**Exercise directions**.
Copy exactly the lines of the material below that fall between the line with "Outlaw Sprint Metal" and the line with "Carte d'appel classique (Devant / Derrière)", both of those lines included; pictures stay out.

**Dataset excerpts**.

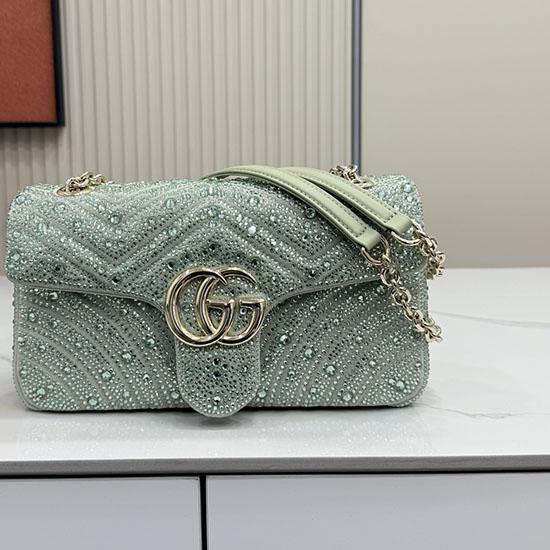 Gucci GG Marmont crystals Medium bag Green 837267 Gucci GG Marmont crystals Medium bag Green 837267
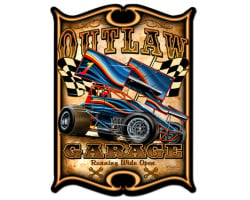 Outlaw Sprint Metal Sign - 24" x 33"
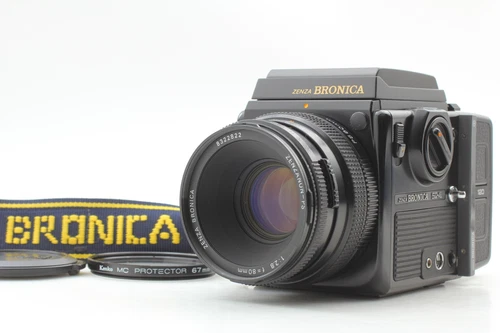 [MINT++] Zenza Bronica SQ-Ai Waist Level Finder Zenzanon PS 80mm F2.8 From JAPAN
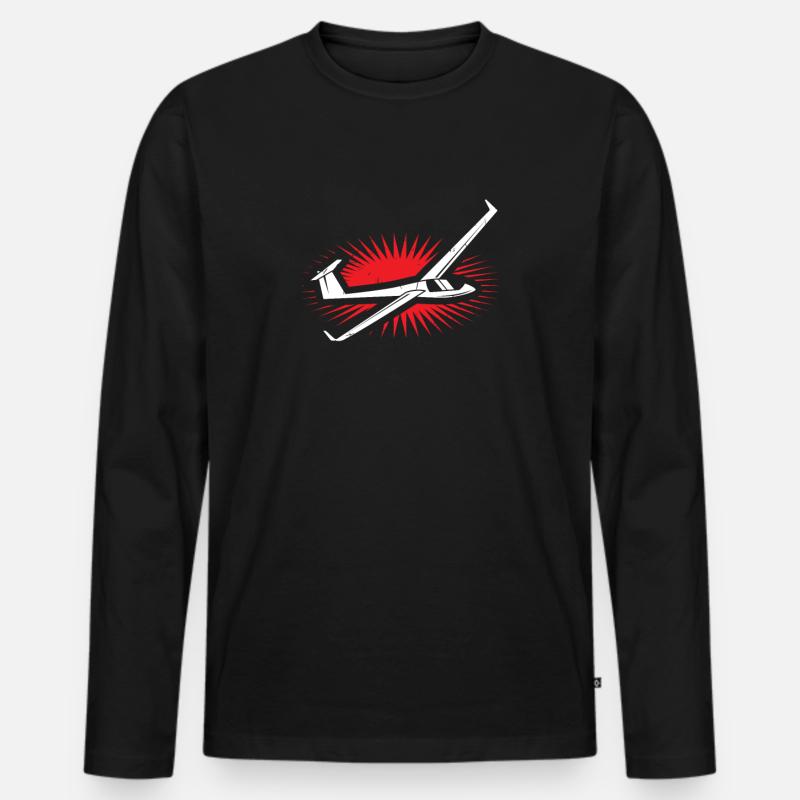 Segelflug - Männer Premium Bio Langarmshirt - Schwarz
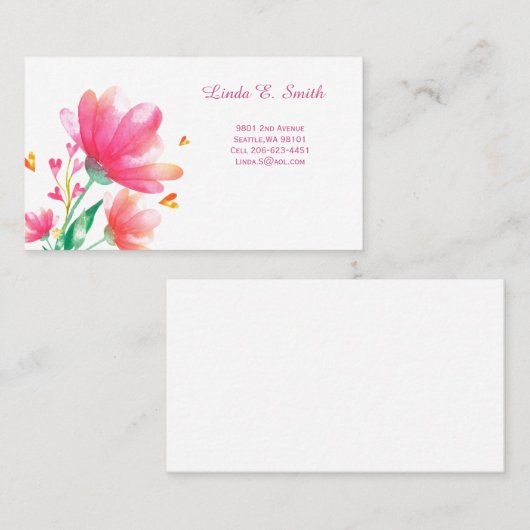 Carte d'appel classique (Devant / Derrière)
--
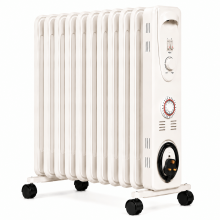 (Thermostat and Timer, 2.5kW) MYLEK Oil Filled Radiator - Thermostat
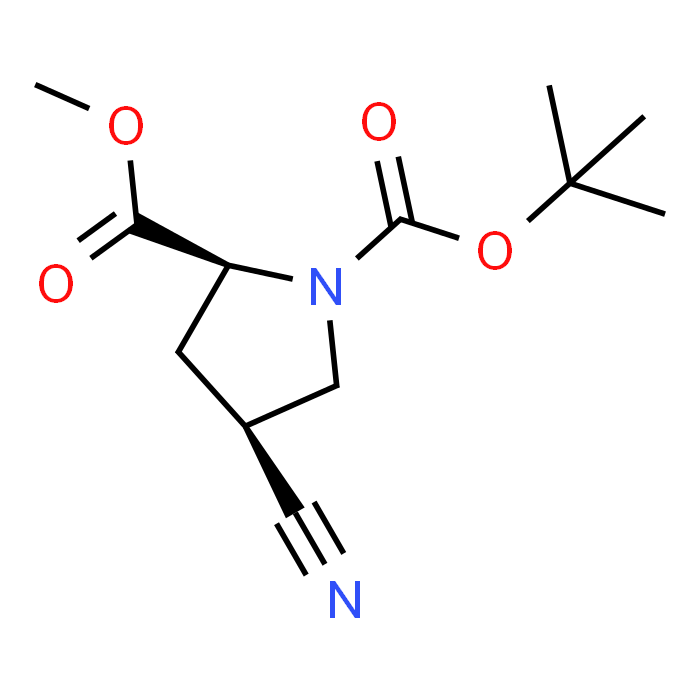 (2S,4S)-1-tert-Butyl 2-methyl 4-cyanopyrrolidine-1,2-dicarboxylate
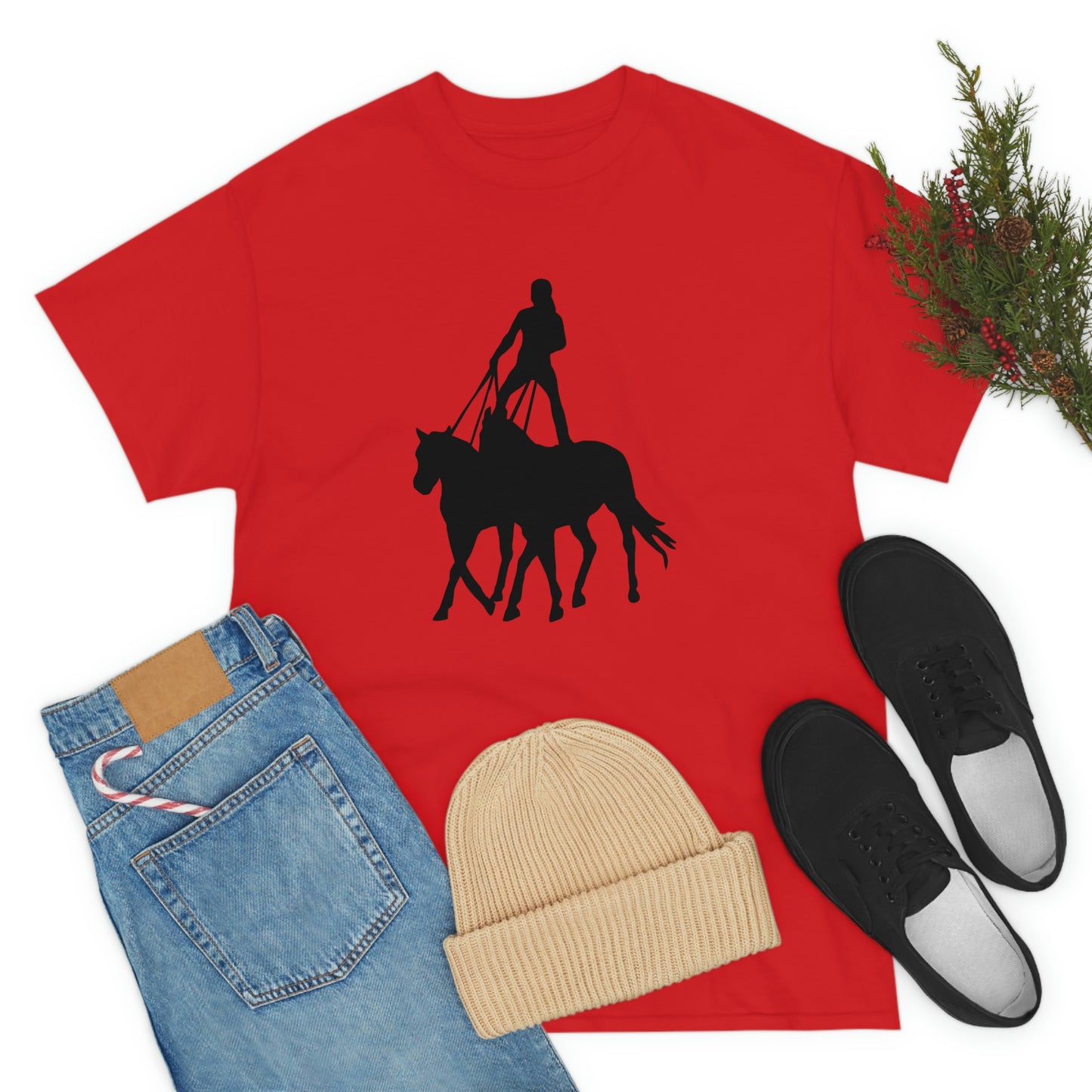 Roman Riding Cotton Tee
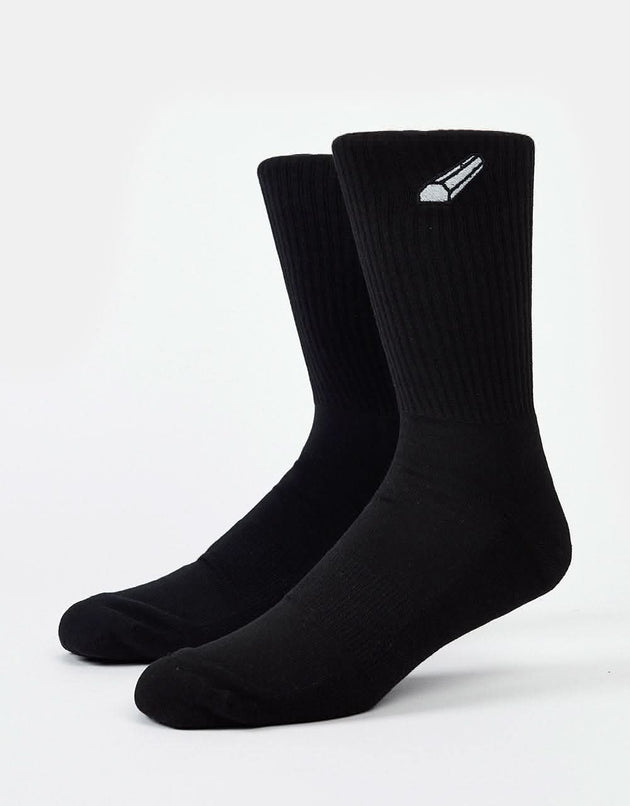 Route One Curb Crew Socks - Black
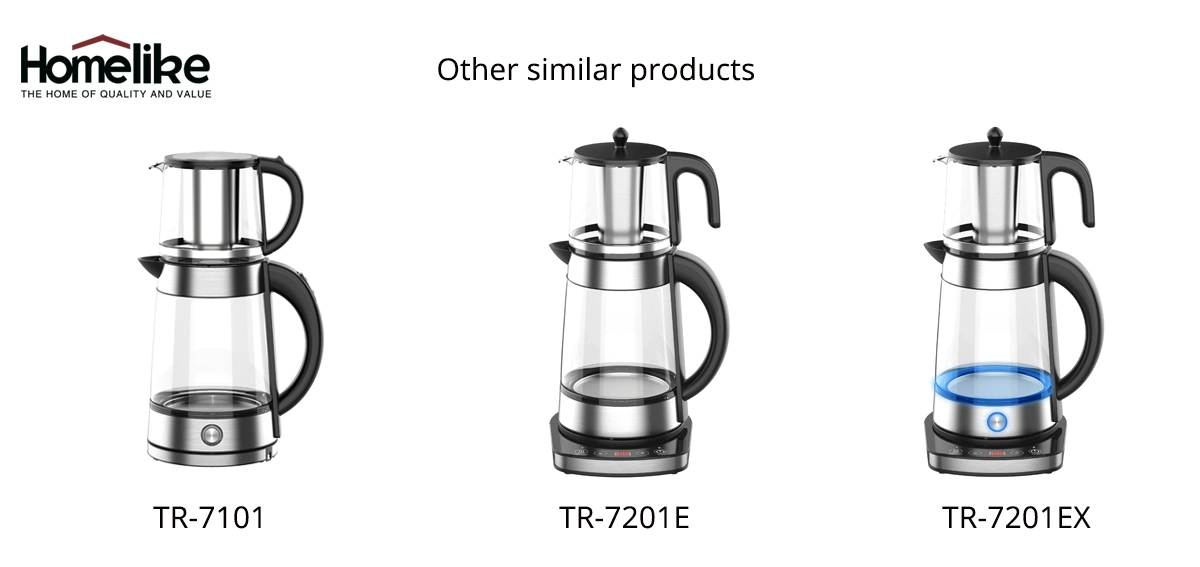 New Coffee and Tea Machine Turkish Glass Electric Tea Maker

**Task response**.
 Outlaw Sprint Metal Sign - 24" x 33"
 [MINT++] Zenza Bronica SQ-Ai Waist Level Finder Zenzanon PS 80mm F2.8 From JAPAN
 Segelflug - Männer Premium Bio Langarmshirt - Schwarz
 Carte d'appel classique (Devant / Derrière)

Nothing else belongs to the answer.